About 12% of California’s total energy use is related to water [38]. A burgeoning example in California’s WEN that demonstrates the need for a greater inter-sectoral EPI comes from water managers. For instance, the Metropolitan Water District of Southern California has developed climate action plans to guide future actions in reducing greenhouse gasses (GHGs) from the water infrastructure. Here, WEN is increasingly dominating discussions, as the state transitions to using energy-intensive water resources when the drought intensifies, and these include recycled water solutions, desalinated water, imported water, and groundwater resources. Recognizing the potential for the water–energy sectoral misalignment that could lead to environmentally undesirable outcomes, there has been an increased awareness of the need for a greater horizontal EPI—the motivation for this analysis.
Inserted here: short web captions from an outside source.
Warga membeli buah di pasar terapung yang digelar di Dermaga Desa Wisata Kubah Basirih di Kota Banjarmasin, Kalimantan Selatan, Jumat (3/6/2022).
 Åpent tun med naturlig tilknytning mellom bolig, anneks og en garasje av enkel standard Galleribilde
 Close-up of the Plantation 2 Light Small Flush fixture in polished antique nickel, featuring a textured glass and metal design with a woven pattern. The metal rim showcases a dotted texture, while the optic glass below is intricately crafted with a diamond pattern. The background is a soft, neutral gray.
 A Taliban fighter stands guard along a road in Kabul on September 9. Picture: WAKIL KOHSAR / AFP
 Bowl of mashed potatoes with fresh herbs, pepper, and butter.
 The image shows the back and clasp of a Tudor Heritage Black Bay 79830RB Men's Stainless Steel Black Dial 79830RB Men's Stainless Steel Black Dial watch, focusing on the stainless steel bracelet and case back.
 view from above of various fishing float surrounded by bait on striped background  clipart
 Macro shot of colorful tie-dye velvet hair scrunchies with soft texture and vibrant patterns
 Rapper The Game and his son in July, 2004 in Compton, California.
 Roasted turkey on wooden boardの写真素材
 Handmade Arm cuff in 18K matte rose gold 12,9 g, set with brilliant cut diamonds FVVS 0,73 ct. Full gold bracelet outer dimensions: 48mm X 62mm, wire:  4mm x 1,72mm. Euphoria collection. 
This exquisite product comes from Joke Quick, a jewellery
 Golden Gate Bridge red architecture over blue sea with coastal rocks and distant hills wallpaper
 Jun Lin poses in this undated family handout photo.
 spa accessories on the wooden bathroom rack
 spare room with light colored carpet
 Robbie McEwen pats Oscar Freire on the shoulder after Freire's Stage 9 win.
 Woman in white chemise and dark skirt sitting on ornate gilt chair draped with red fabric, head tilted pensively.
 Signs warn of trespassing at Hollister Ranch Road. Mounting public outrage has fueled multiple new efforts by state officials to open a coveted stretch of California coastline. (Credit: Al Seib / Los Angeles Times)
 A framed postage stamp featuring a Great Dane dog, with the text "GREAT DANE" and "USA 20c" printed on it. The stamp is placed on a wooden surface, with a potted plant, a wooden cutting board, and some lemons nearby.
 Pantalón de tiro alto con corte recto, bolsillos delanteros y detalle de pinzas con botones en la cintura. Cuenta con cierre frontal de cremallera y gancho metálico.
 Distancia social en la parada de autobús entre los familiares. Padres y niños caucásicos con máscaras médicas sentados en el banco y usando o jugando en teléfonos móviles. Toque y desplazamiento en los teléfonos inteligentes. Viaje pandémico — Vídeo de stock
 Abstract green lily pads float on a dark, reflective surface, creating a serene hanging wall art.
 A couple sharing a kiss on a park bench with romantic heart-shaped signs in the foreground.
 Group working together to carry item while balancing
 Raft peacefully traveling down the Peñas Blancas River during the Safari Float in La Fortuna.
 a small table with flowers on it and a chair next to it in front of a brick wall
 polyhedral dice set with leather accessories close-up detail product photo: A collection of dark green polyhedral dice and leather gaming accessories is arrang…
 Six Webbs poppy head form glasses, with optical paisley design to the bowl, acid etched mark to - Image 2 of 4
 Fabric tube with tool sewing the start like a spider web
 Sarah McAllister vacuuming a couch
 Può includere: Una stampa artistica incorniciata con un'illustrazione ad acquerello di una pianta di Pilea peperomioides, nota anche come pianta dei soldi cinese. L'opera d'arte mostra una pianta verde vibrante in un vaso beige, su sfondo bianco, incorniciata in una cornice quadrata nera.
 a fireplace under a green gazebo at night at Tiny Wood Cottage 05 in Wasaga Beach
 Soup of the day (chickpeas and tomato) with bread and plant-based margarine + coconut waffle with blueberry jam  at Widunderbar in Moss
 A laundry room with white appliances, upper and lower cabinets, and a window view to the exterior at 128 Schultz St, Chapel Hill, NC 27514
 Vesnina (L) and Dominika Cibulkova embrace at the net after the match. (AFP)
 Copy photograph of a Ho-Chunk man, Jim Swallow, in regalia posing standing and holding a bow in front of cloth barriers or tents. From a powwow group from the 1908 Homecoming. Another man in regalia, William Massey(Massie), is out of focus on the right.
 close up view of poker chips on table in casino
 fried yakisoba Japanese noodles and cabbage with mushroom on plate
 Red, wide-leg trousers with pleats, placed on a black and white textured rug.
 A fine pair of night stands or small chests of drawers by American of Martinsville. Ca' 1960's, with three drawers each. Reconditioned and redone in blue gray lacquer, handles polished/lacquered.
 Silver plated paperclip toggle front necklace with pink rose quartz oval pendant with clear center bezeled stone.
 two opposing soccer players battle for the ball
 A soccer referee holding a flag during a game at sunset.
Across California, and in the Los Angeles region specifically, many researchers have begun quantifying the energy, water, and environmental tradeoffs of alternative water supply strategies like recycling [38,39,40,41,42]. However, few have explicitly examined the policy factors that help to explain EPI outcomes, as we do in the following sections.

3.1.1. External Factors (Motivation)

California is well known for its leading efforts to curb climate change. Most WEN policy integration in Los Angeles is closely linked to state-level climate initiatives. The California Global Warming Solutions Act of 2006, AB32, ref. [43] established the legislative authority and common policy objectives (emissions reduction targets) and strategic processes (e.g., the Climate Action Team) for cross-sector coordination [44]. The act provided a common language (i.e., GHG emission targets) for the energy and water sectors in their respective policy-making processes and implementation.
In addition to meeting climate change targets, activities related to addressing energy use for water can also be driven by economic concerns. The economic rationality is typically embedded in the cost of long-distance water delivery, groundwater pumping, and wastewater and water treatments such as desalination. The cost of a traditional supply of water varies from source to source. As a customer of the SWP, in 2018, the Metropolitan Water District (MWD)’s power and water costs were USD 447 million, nearly 30% of the total yearly expenses [45]. MWD’s water supply rates in 2016 (i.e., Tier 1) were about double the rates of a decade ago, i.e., an approximately 20% increase in real costs [46,47]. Because of water resource constraints, future new sources of water supply come at even higher costs [48].
Given the rapidly increasing cost of maintaining secure water supplies, energy use has been increasingly accorded only secondary importance to water utilities’ primary mandate of ensuring the availability of safe water for human consumption [49]. Despite energy’s notable impacts on operations and costs, many water systems see little incentive to conserve energy because of their ability to directly pass any just and reasonable cost of providing water service through to customers. For utilities, the result of this is the provision of a more secure water product, at no additional real cost—arguably a greatly diminished economic incentive for energy conservation.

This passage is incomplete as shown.